Delaware Supreme Court Reinforces the Importance of Precision in Drafting ADR Provisions in Merger Agreements
In Fortis Advisors, LLC v. Stillfront Midco AB, No. 162, 2025 (Del. Feb. 13, 2026), the Delaware Supreme Court reaffirmed that Delaware courts will strictly enforce the dispute resolution framework chosen by the parties. The decision highlights the need to draft ADR provisions with precision—clearly identifying the decision-maker, the types of disputes to be delegated, and the scope of that delegation.
The case arose out of Stillfront’s 2019 acquisition of Kixeye, an online video game company. In addition to a $90 million purchase price, the merger agreement provided for a post-closing earnout bonus if Kixeye’s 2019 adjusted EBITDA exceeded $15 million. The parties agreed to exclusive Delaware federal and state court jurisdiction for any action or proceeding concerning the merger agreement. However, the agreement’s ADR provision separately required that disputes concerning the calculation of the earnout amount be submitted to an accounting-firm arbitrator.
Following Stillfront’s determination that no earnout payment was owed, Fortis, as Kixeye’s seller representative, filed suit in the Delaware Court of Chancery. Fortis asserted breaches of the merger agreement and the implied covenant of good faith and fair dealing, alleging that Stillfront manipulated Kixeye’s 2019 adjusted EBITDA in bad faith to avoid paying an earnout. In response, Stillfront moved to compel arbitration under the ADR provision. Fortis opposed, arguing that the ADR provision was a narrow accounting carve-out and that its bad faith claims did not require any calculation.
The Court of Chancery granted Stillfront’s motion to compel arbitration. The court held that Fortis’s bad faith claims were covered by the scope of the ADR provision because they were, at bottom, a dispute about the calculation of the earnout. In the court’s view, Fortis was merely alleging that the earnout had been calculated incorrectly as a result of Stillfront’s bad faith conduct.

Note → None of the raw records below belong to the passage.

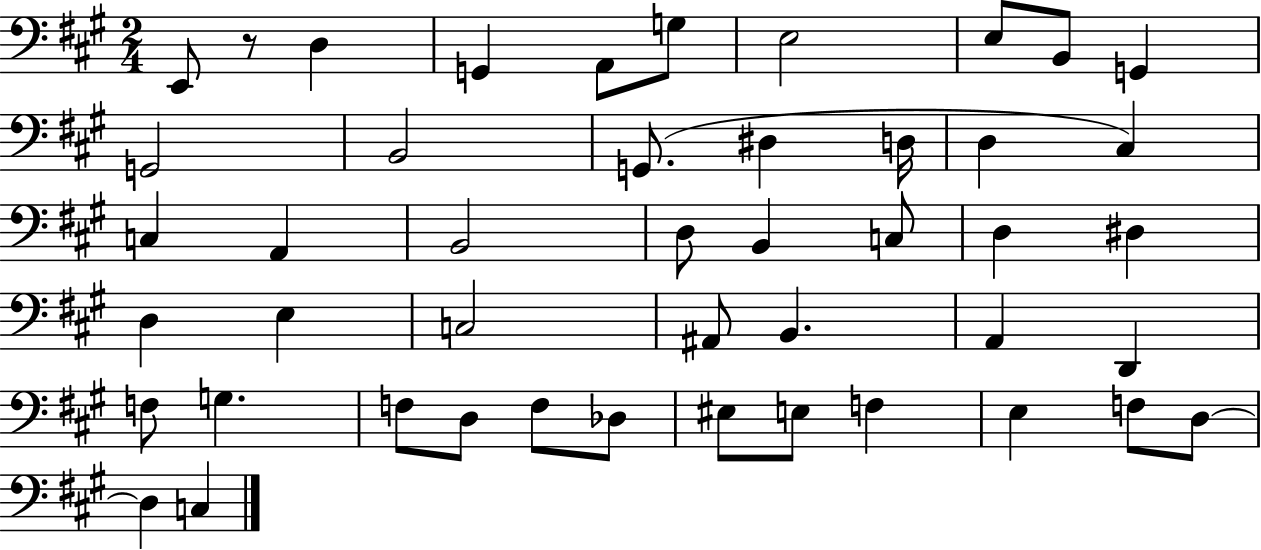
X:1
T:Untitled
M:2/4
L:1/4
K:A
E,,/2 z/2 D, G,, A,,/2 G,/2 E,2 E,/2 B,,/2 G,, G,,2 B,,2 G,,/2 ^D, D,/4 D, ^C, C, A,, B,,2 D,/2 B,, C,/2 D, ^D, D, E, C,2 ^A,,/2 B,, A,, D,, F,/2 G, F,/2 D,/2 F,/2 _D,/2 ^E,/2 E,/2 F, E, F,/2 D,/2 D, C,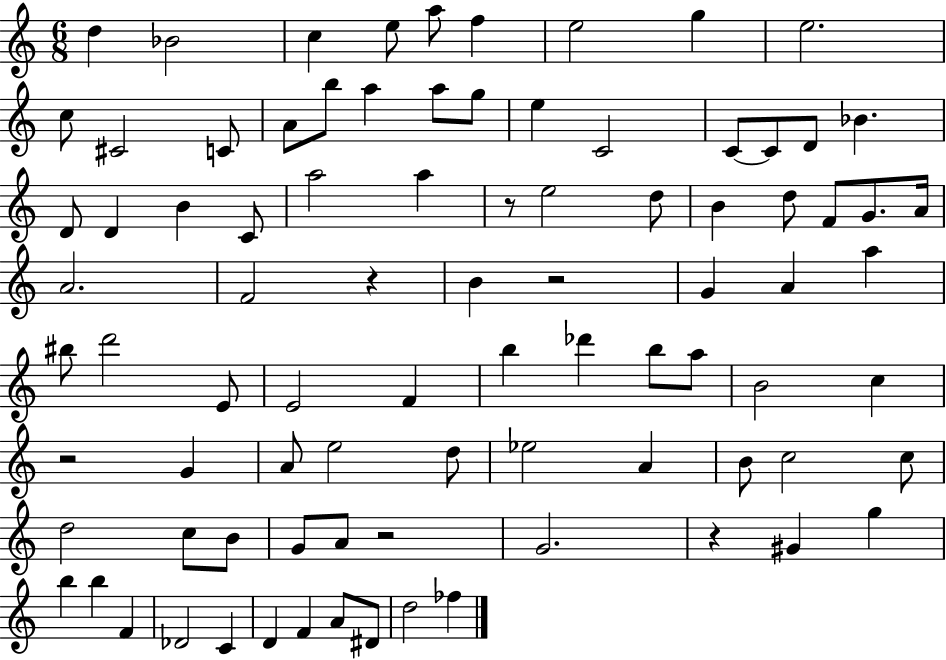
{
  \clef treble
  \numericTimeSignature
  \time 6/8
  \key c \major
  d''4 bes'2 | c''4 e''8 a''8 f''4 | e''2 g''4 | e''2. | \break c''8 cis'2 c'8 | a'8 b''8 a''4 a''8 g''8 | e''4 c'2 | c'8~~ c'8 d'8 bes'4. | \break d'8 d'4 b'4 c'8 | a''2 a''4 | r8 e''2 d''8 | b'4 d''8 f'8 g'8. a'16 | \break a'2. | f'2 r4 | b'4 r2 | g'4 a'4 a''4 | \break bis''8 d'''2 e'8 | e'2 f'4 | b''4 des'''4 b''8 a''8 | b'2 c''4 | \break r2 g'4 | a'8 e''2 d''8 | ees''2 a'4 | b'8 c''2 c''8 | \break d''2 c''8 b'8 | g'8 a'8 r2 | g'2. | r4 gis'4 g''4 | \break b''4 b''4 f'4 | des'2 c'4 | d'4 f'4 a'8 dis'8 | d''2 fes''4 | \break \bar "|."
}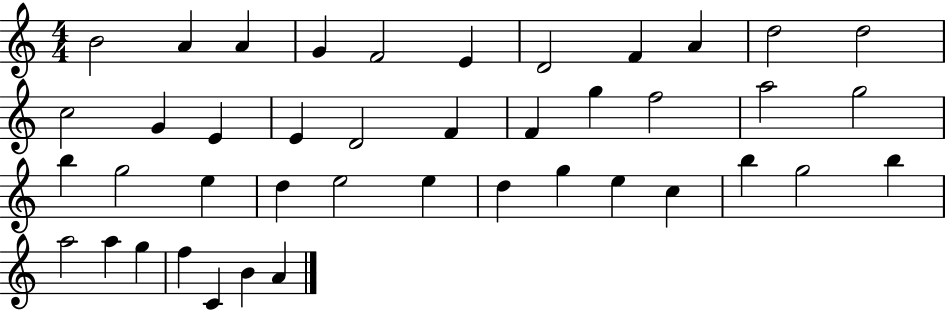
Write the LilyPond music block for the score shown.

{
  \clef treble
  \numericTimeSignature
  \time 4/4
  \key c \major
  b'2 a'4 a'4 | g'4 f'2 e'4 | d'2 f'4 a'4 | d''2 d''2 | \break c''2 g'4 e'4 | e'4 d'2 f'4 | f'4 g''4 f''2 | a''2 g''2 | \break b''4 g''2 e''4 | d''4 e''2 e''4 | d''4 g''4 e''4 c''4 | b''4 g''2 b''4 | \break a''2 a''4 g''4 | f''4 c'4 b'4 a'4 | \bar "|."
}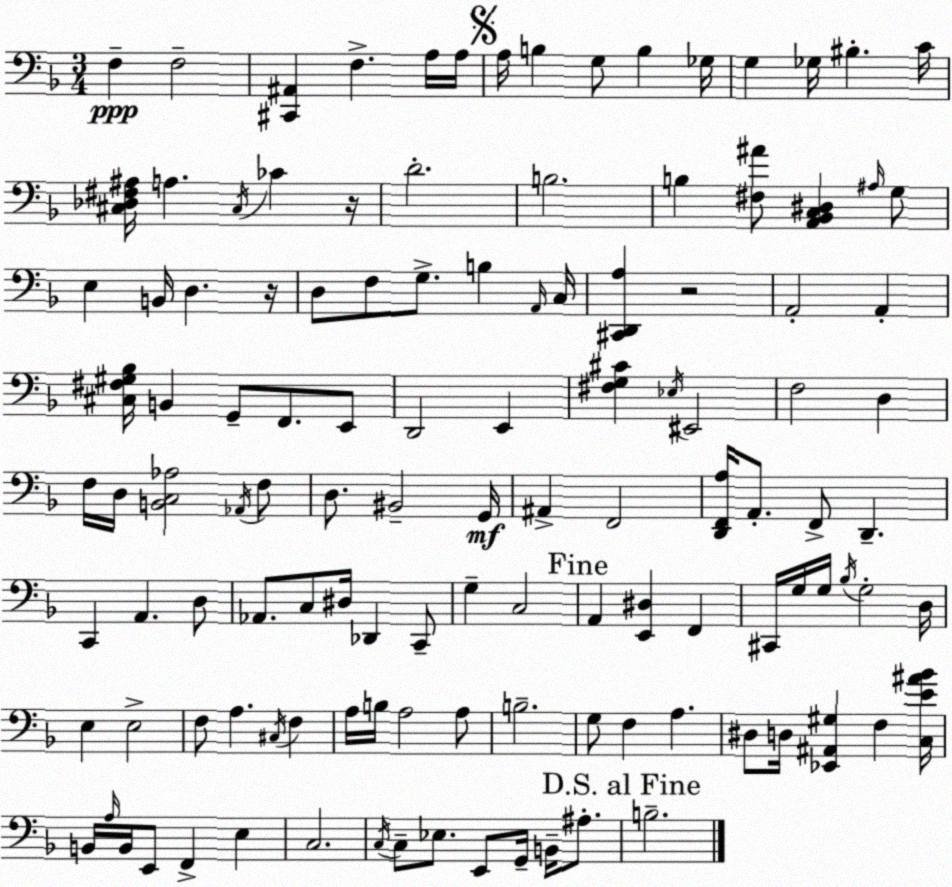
X:1
T:Untitled
M:3/4
L:1/4
K:F
F, F,2 [^C,,^A,,] F, A,/4 A,/4 A,/4 B, G,/2 B, _G,/4 G, _G,/4 ^B, C/4 [^C,_D,^F,^A,]/4 A, ^C,/4 _C z/4 D2 B,2 B, [^F,^A]/2 [A,,_B,,C,^D,] ^A,/4 G,/2 E, B,,/4 D, z/4 D,/2 F,/2 G,/2 B, A,,/4 C,/4 [^C,,D,,A,] z2 A,,2 A,, [^C,^F,^G,_B,]/4 B,, G,,/2 F,,/2 E,,/2 D,,2 E,, [^F,G,^C] _E,/4 ^E,,2 F,2 D, F,/4 D,/4 [B,,C,_A,]2 _A,,/4 F,/2 D,/2 ^B,,2 G,,/4 ^A,, F,,2 [D,,F,,A,]/4 A,,/2 F,,/2 D,, C,, A,, D,/2 _A,,/2 C,/2 ^D,/4 _D,, C,,/2 G, C,2 A,, [E,,^D,] F,, ^C,,/4 G,/4 G,/4 _B,/4 G,2 D,/4 E, E,2 F,/2 A, ^C,/4 F, A,/4 B,/4 A,2 A,/2 B,2 G,/2 F, A, ^D,/2 D,/4 [_E,,^A,,^G,] F, [C,E^A_B]/4 B,,/4 A,/4 B,,/4 E,,/2 F,, E, C,2 C,/4 C,/2 _E,/2 E,,/2 G,,/4 B,,/4 ^A,/2 B,2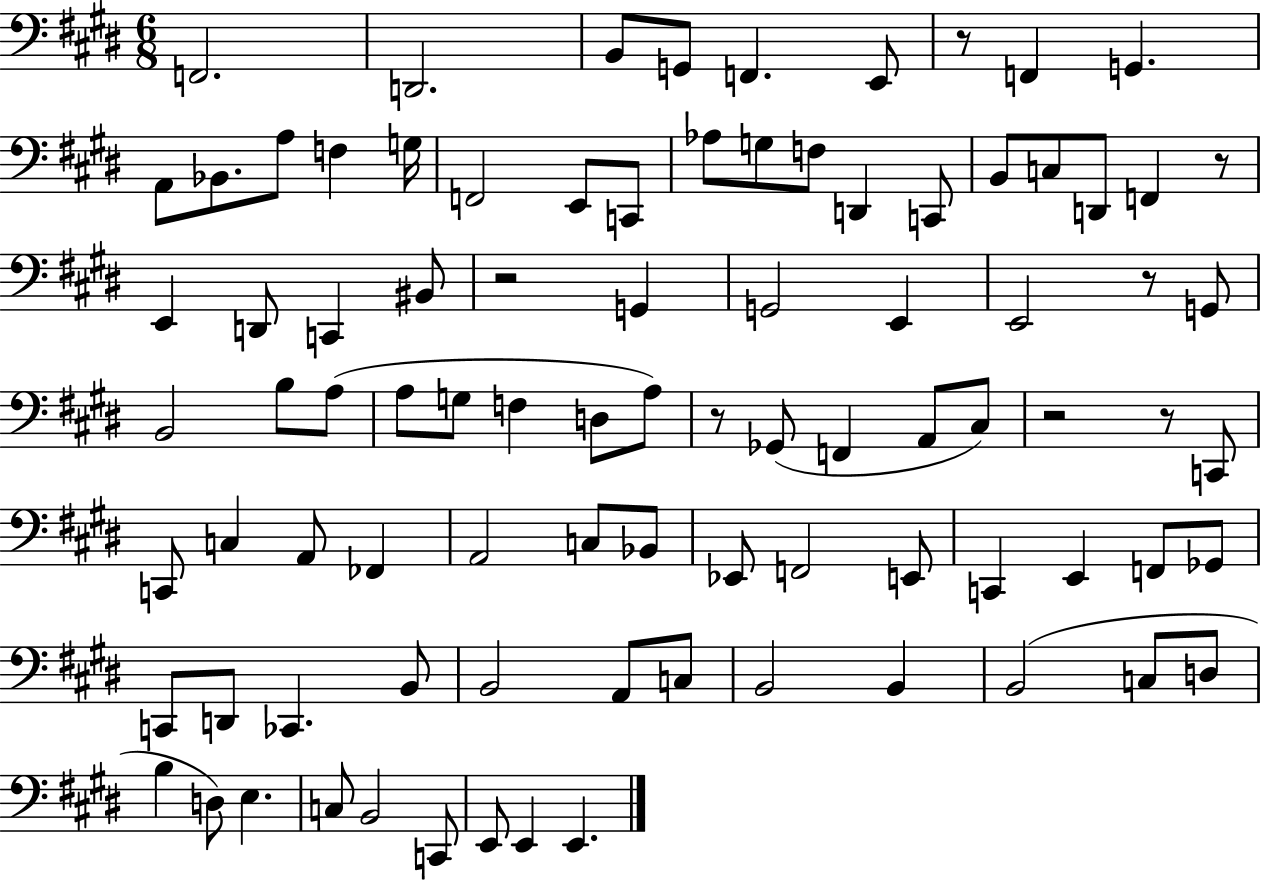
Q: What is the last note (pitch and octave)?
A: E2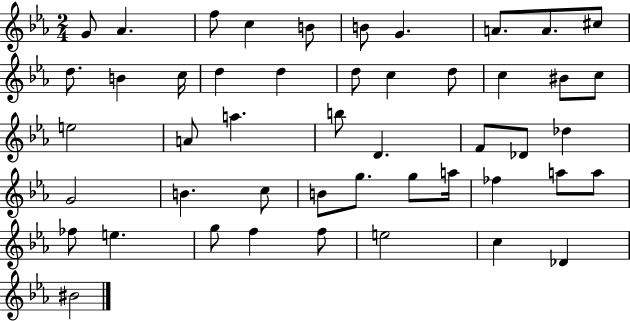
G4/e Ab4/q. F5/e C5/q B4/e B4/e G4/q. A4/e. A4/e. C#5/e D5/e. B4/q C5/s D5/q D5/q D5/e C5/q D5/e C5/q BIS4/e C5/e E5/h A4/e A5/q. B5/e D4/q. F4/e Db4/e Db5/q G4/h B4/q. C5/e B4/e G5/e. G5/e A5/s FES5/q A5/e A5/e FES5/e E5/q. G5/e F5/q F5/e E5/h C5/q Db4/q BIS4/h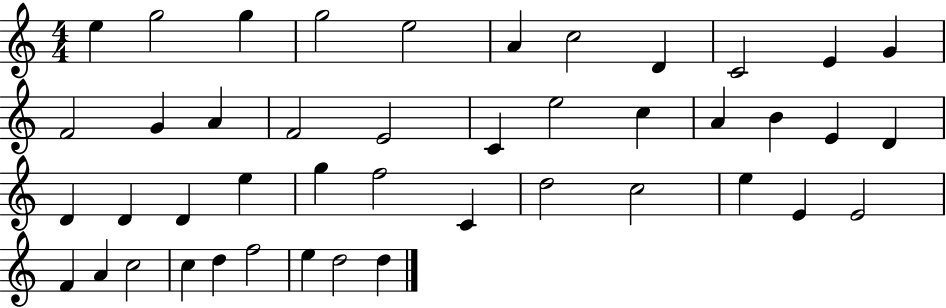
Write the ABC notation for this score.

X:1
T:Untitled
M:4/4
L:1/4
K:C
e g2 g g2 e2 A c2 D C2 E G F2 G A F2 E2 C e2 c A B E D D D D e g f2 C d2 c2 e E E2 F A c2 c d f2 e d2 d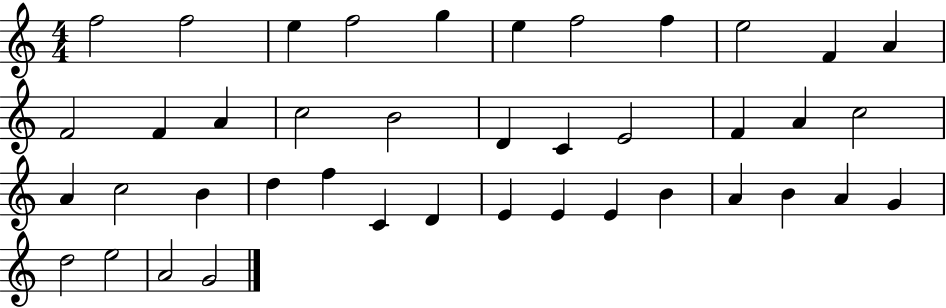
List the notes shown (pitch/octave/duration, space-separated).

F5/h F5/h E5/q F5/h G5/q E5/q F5/h F5/q E5/h F4/q A4/q F4/h F4/q A4/q C5/h B4/h D4/q C4/q E4/h F4/q A4/q C5/h A4/q C5/h B4/q D5/q F5/q C4/q D4/q E4/q E4/q E4/q B4/q A4/q B4/q A4/q G4/q D5/h E5/h A4/h G4/h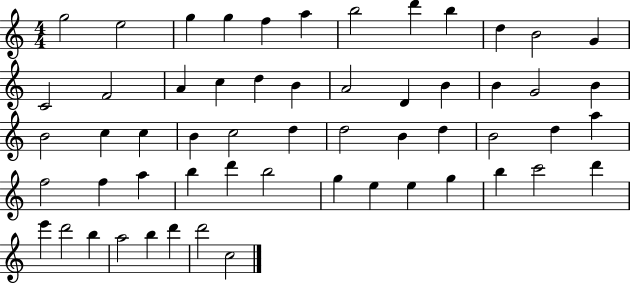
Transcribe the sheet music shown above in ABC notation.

X:1
T:Untitled
M:4/4
L:1/4
K:C
g2 e2 g g f a b2 d' b d B2 G C2 F2 A c d B A2 D B B G2 B B2 c c B c2 d d2 B d B2 d a f2 f a b d' b2 g e e g b c'2 d' e' d'2 b a2 b d' d'2 c2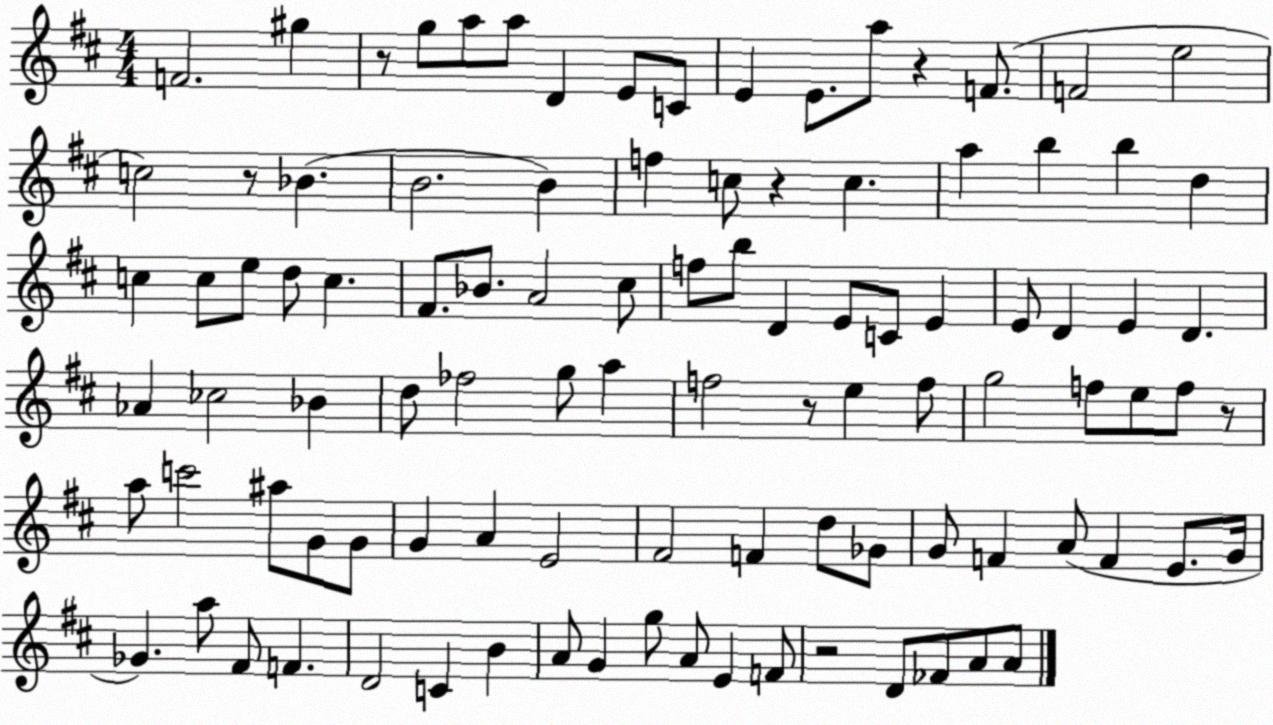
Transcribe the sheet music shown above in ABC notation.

X:1
T:Untitled
M:4/4
L:1/4
K:D
F2 ^g z/2 g/2 a/2 a/2 D E/2 C/2 E E/2 a/2 z F/2 F2 e2 c2 z/2 _B B2 B f c/2 z c a b b d c c/2 e/2 d/2 c ^F/2 _B/2 A2 ^c/2 f/2 b/2 D E/2 C/2 E E/2 D E D _A _c2 _B d/2 _f2 g/2 a f2 z/2 e f/2 g2 f/2 e/2 f/2 z/2 a/2 c'2 ^a/2 G/2 G/2 G A E2 ^F2 F d/2 _G/2 G/2 F A/2 F E/2 G/4 _G a/2 ^F/2 F D2 C B A/2 G g/2 A/2 E F/2 z2 D/2 _F/2 A/2 A/2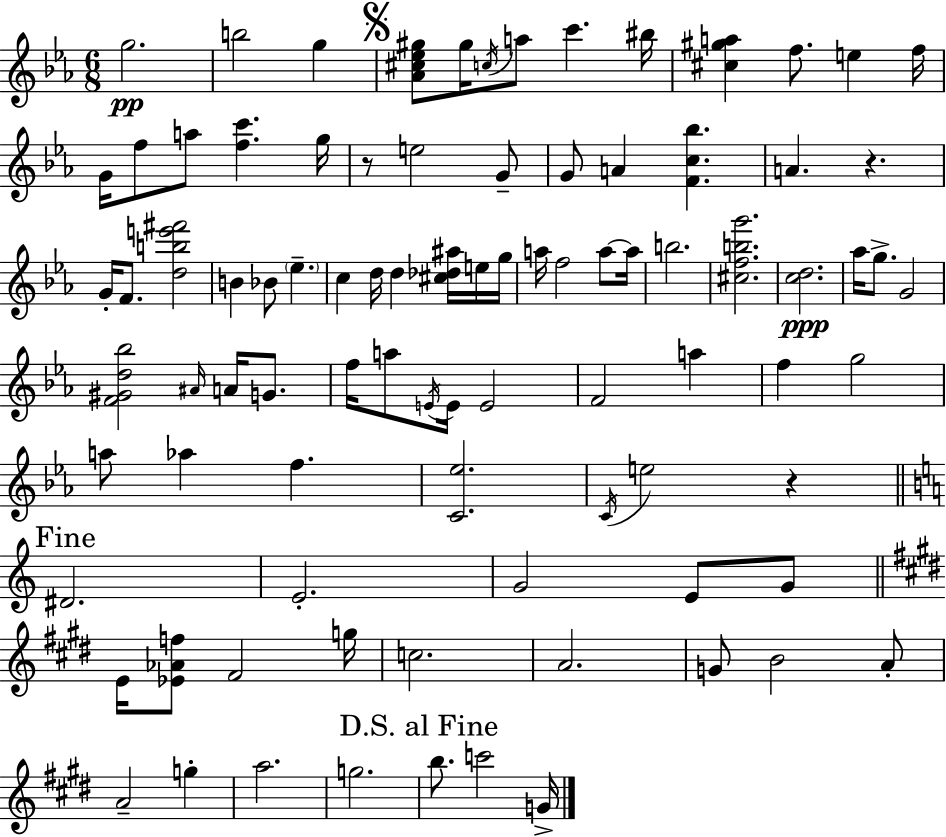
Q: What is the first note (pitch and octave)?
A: G5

The Delaware Supreme Court affirmed, holding that the bad faith claims were arbitrable. At the outset, the Delaware Supreme Court rejected Fortis’s argument, raised for the first time on appeal, that the ADR provision called for an expert determination rather than an arbitration. Binding Fortis to its concession below, the Delaware Supreme Court noted that Fortis was “emphatic” before the Court of Chancery that the ADR provision was an arbitration clause.
Turning to the merits, the Delaware Supreme Court agreed with the Court of Chancery that the bad faith claims fell squarely within the ADR provision. Under both courts’ reading of that provision, calculation disputes were not strictly limited to mere arithmetic disagreements; they also encompassed disputes over the “accuracy” of an earnout determination—including the kind of bad faith claims Fortis pressed. The Delaware Supreme Court relied on Viacom International, Inc. v. Winshall, 72 A.3d 78 (Del. 2013), in which it had explained that “if the subject matter to be arbitrated is the calculation of an earn-out, . . . all issues as to what financial or other information should be considered in performing the calculation are decided by the arbitrator.”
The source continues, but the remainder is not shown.